What the task asks ->
Only these lines, please: the first one of the records through the one containing "Udsknv[Ksl As Shown", retyped exactly, both ends included and pictures omitted.

Input records ->
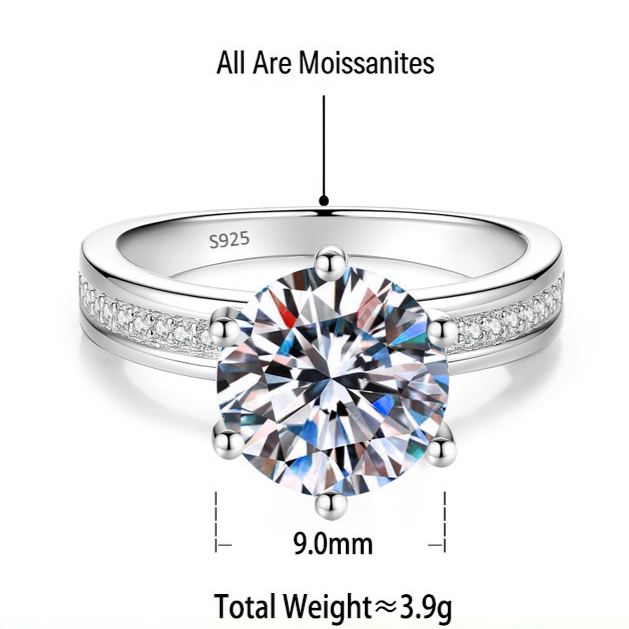 S925 Sterling Silver Six-Prong Round Colored Moissanite Ring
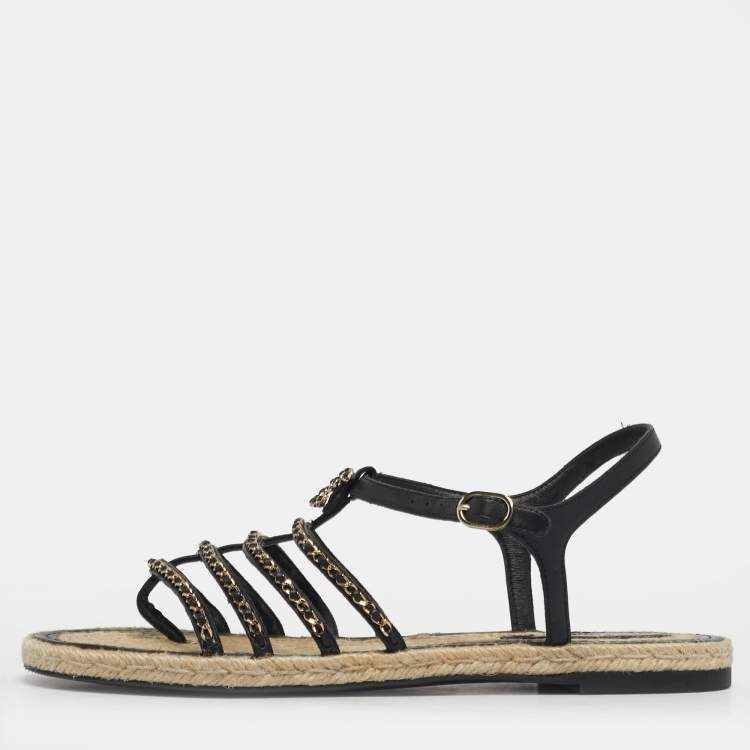 Pre Owned Chanel Size 41 Black Leather CC Chain Link Strappy Espadrille Flats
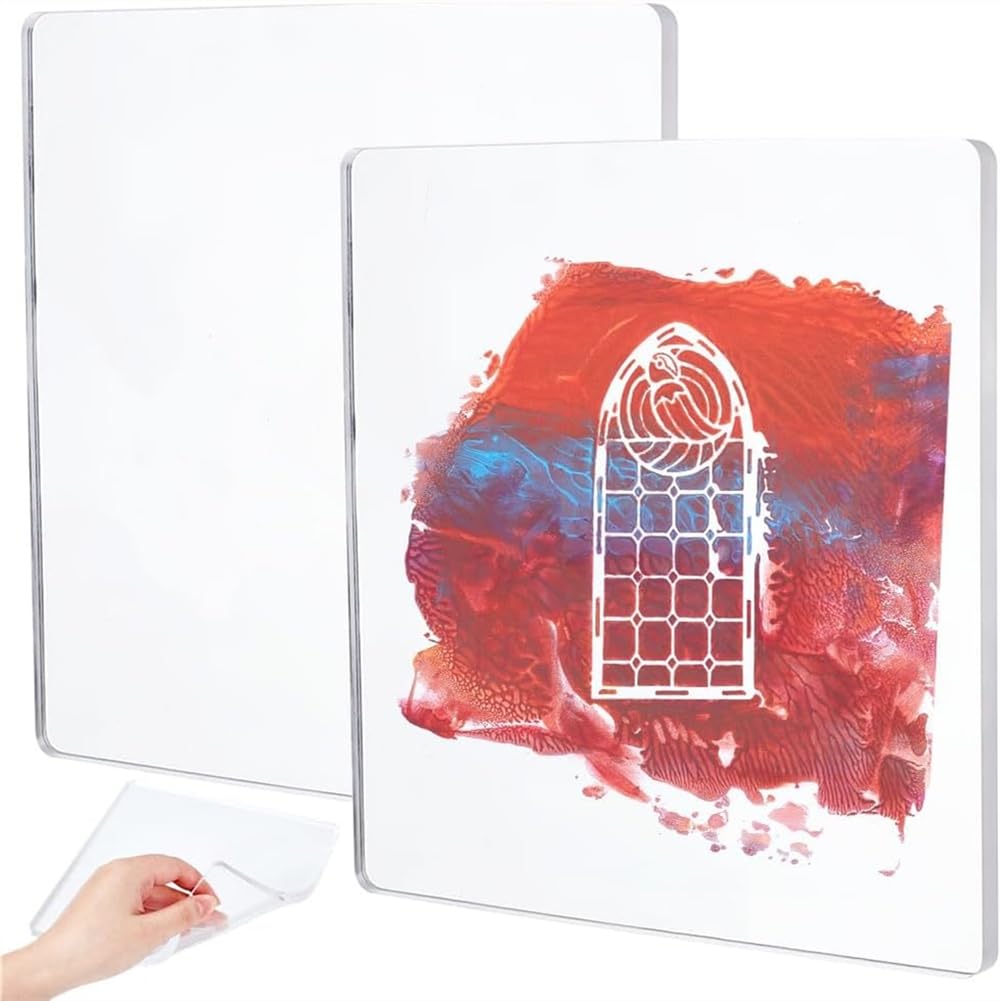 Udsknv[Ksl As Shown For Card For Arts For Art 2Pcs 7Inch Square Gel Monoprinting Print Plates Clear Class Printmaking Supplies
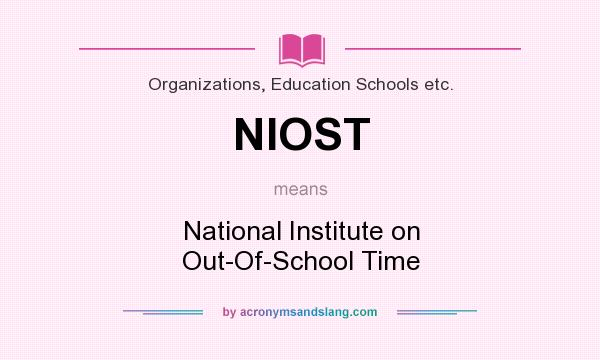 What does NIOST mean? It stands for National Institute on Out-Of-School Time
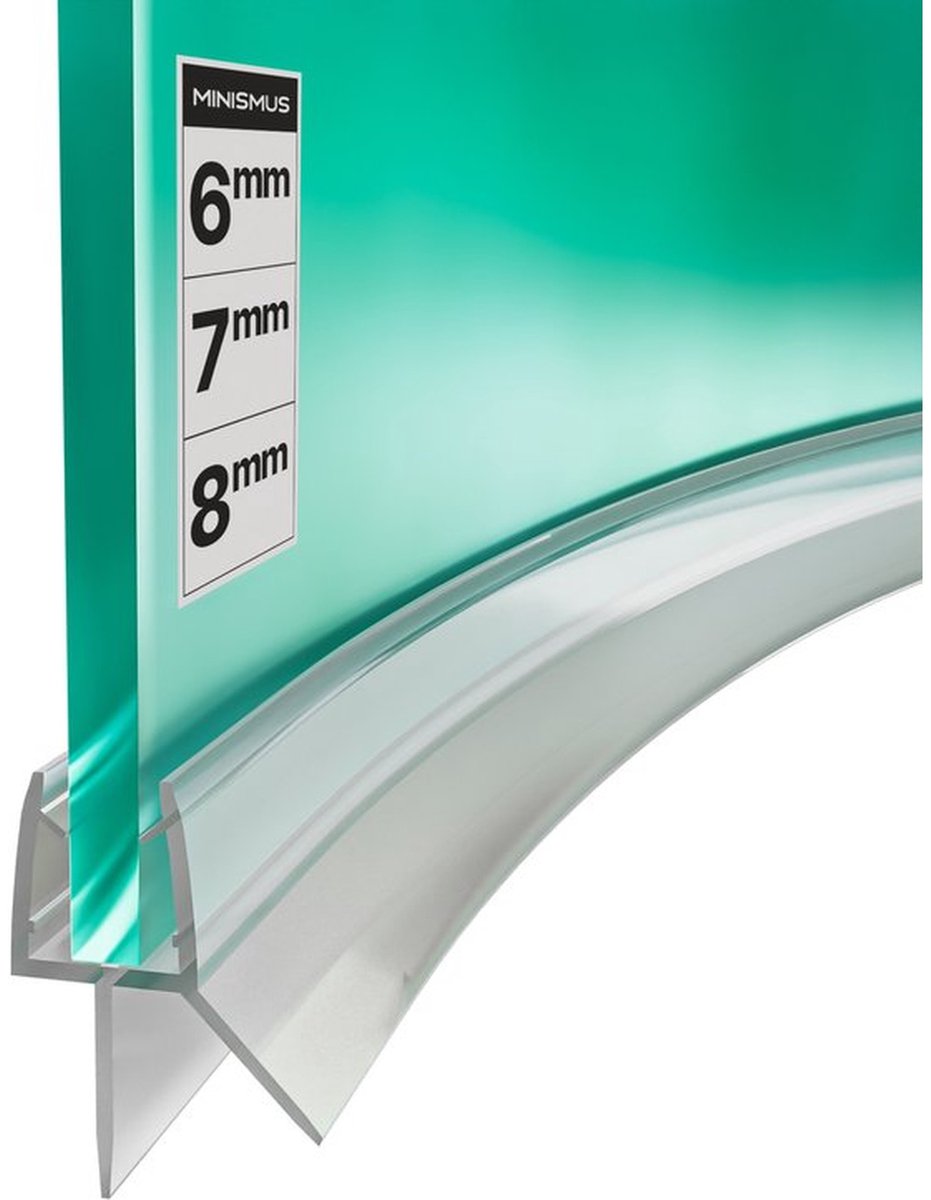 Minismus Halfronde Douchedeurafdichting 6-8 mm met Waterkering voor Halfronde Deuren (2 Strips van 90 cm) - Waterstopper Geschikt voor glas van 6 tot 8 mm - Gebogen Douchestrip - Douchedorpel Lekstrip voor Horizontale bevestiging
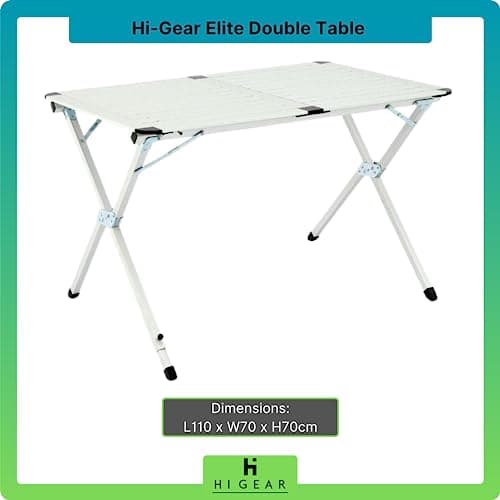 Hi-Gear Elite Double Table with Lightweight Aluminium Construction, Folding, Portable & Compact, Ideal for Camping, Festivals, BBQs & Outdoor Events, includes Carry Bag, Silver — view 3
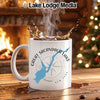 White mug with Great Sacandaga Lake map and compass design.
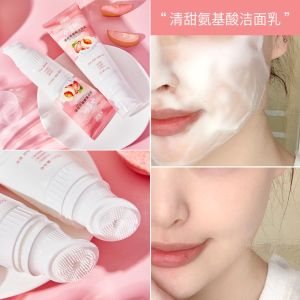 Pembersih wajah / Facial wash peach sweet animo acid cleansing milk dengan kuas silikon lembut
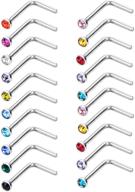 📦 pack of 20 l shaped nose studs | 20 gauge stainless steel nose piercing jewelry | l bend shape rings in assorted colors логотип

Solution ->
 S925 Sterling Silver Six-Prong Round Colored Moissanite Ring
 Pre Owned Chanel Size 41 Black Leather CC Chain Link Strappy Espadrille Flats
 Udsknv[Ksl As Shown For Card For Arts For Art 2Pcs 7Inch Square Gel Monoprinting Print Plates Clear Class Printmaking Supplies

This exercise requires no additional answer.